Like I said, laying in one of those otters or similar boats will be a wet proposition and you might as well just sit on a bucket in your spread. My two cents....


----------



## GVSUKUSH (Mar 9, 2004)

just ducky said:


> GVSUKUSH-
> Since I know for a fact that you're talking about areas that I often hunt up along the west side of the bay  , I have a bit of advice. Hunting directly out of any of those boats similar to the otter will be tough out there in the big water, but not because it's dangerous in that shallow water, but because you're gonna get soaked. Trust me, over the years we've tried a lot of different combinations, including a friend's otter, and even small waves will break over a boat like that and you'll be getting soaked. My opinion...hunting directly out of those things only works well in completely flat water, or areas secluded from the wind, like in a managed area corn strip. You'd be better off out on the bay just sitting on a bucket or T-seat right in the middle of your deke spread. Some guys put a few oversized Goose floaters in their spread, then sit on a T-seat by the geese to break their silouette up. We often use canoes up there for a couple of reasons...they go in some real shallow areas, and the ones we have carry a lot of gear. But we don't hunt directly out of the canoes...we just use them as "barges" for us and our gear. We've made some small portable blinds out of fencing and pvc pipe, and covered with fast-grass or natural materials. Then we go out into these open areas, set up our blinds and dekes, or sit on T-seats, then take the canoe a 1/2 mile off or so and anchor it. This works pretty well. Especially for the divers. Plus a canoe is real versatile, and can be used for a lot of things...an otter can't.
> 
> Like I said, laying in one of those otters or similar boats will be a wet proposition and you might as well just sit on a bucket in your spread. My two cents....

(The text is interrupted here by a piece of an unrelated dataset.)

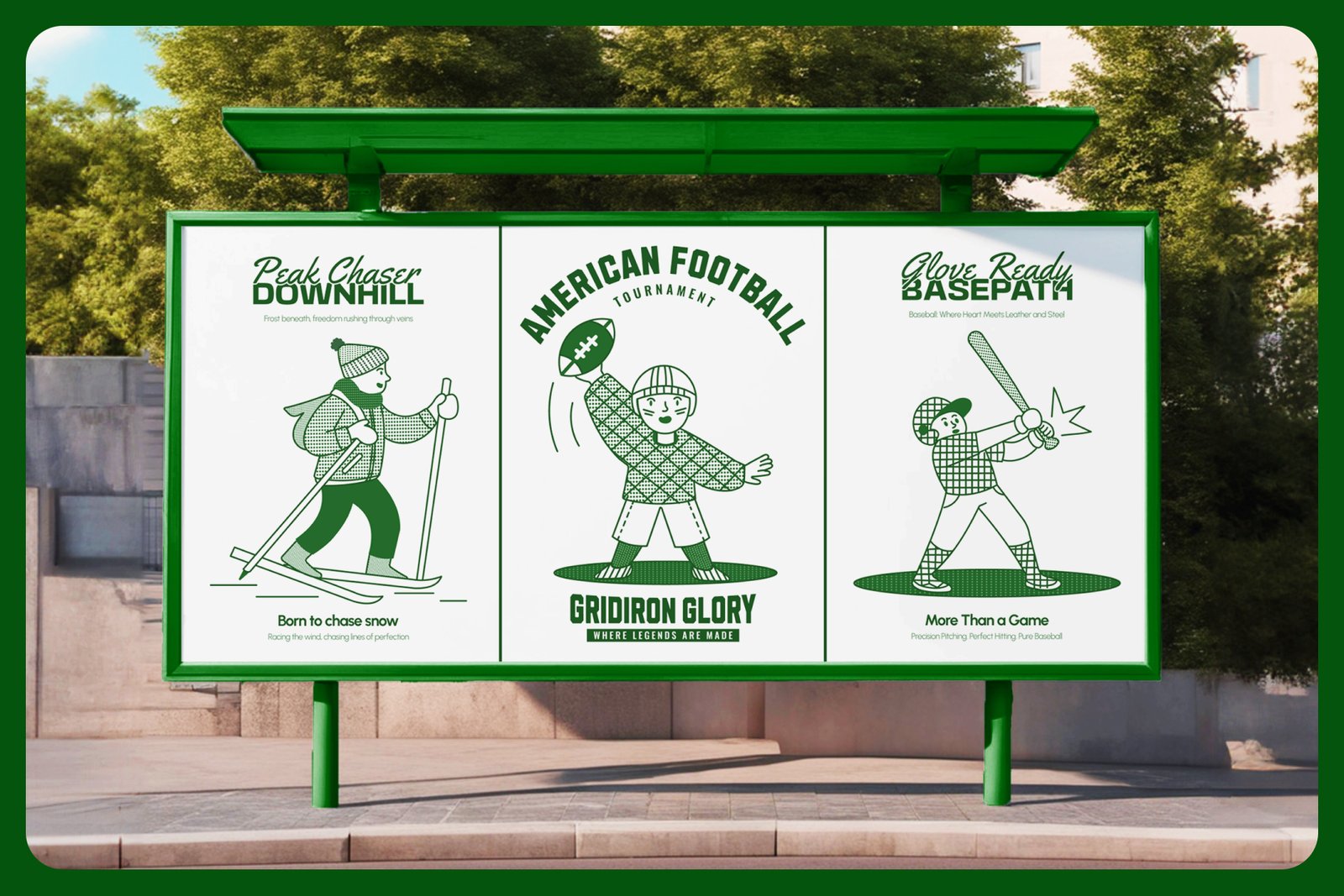 Sports Illustration Art Set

I know what your saying. The spot I hunt on the bay, i'd only need a boat when the wind is negligable anyway, when the winds blowing I don't have problems getting shooting near shore. I have my dads Radison canoe that I can use as a "barge" but I'd rather have something a little smaller and more versitle for hunting rivers and ponds around Grand Rapids. If I get a layout, I may use it as a barge and do just as you said, anchor it away from my spread and get a seat or bucket, but some of the videos and pictures I've seen shows them in a good chop, so maybe it was the specific model that you hunted out of when you were soaked?


----------



## GVSUKUSH (Mar 9, 2004)

Good link with comparisons of the different boats.

http://www.duckboats.net/specs/marsh.html


----------



## just ducky (Aug 23, 2002)

GVSUKUSH said:


> ...so maybe it was the specific model that you hunted out of when you were soaked?


Could be, and it wasn't like one big wave got me, but a little at a time. Every little 1.5 ft. wave that came along kicked a little spray up, and the wind threw it right on me, so in about a half hour I slowly got soaked. But then again, I did shoot some birds that day, so I guess if you don't mind getting wet, go for it. Guess I got spoiled the few times I've hunted from a real layout boat, where the wind skirt knocks the waves back and you stay pretty dry. The otter has its uses, but it ain't no true layout boat....


----------



## GVSUKUSH (Mar 9, 2004)

just ducky said:


> Guess I got spoiled the few times I've hunted from a real layout boat, where the wind skirt knocks the waves back and you stay pretty dry. The otter has its uses, but it ain't no true layout boat....


I guess I'm trying to find something that toes the line between true layout and "puddle" boat.


----------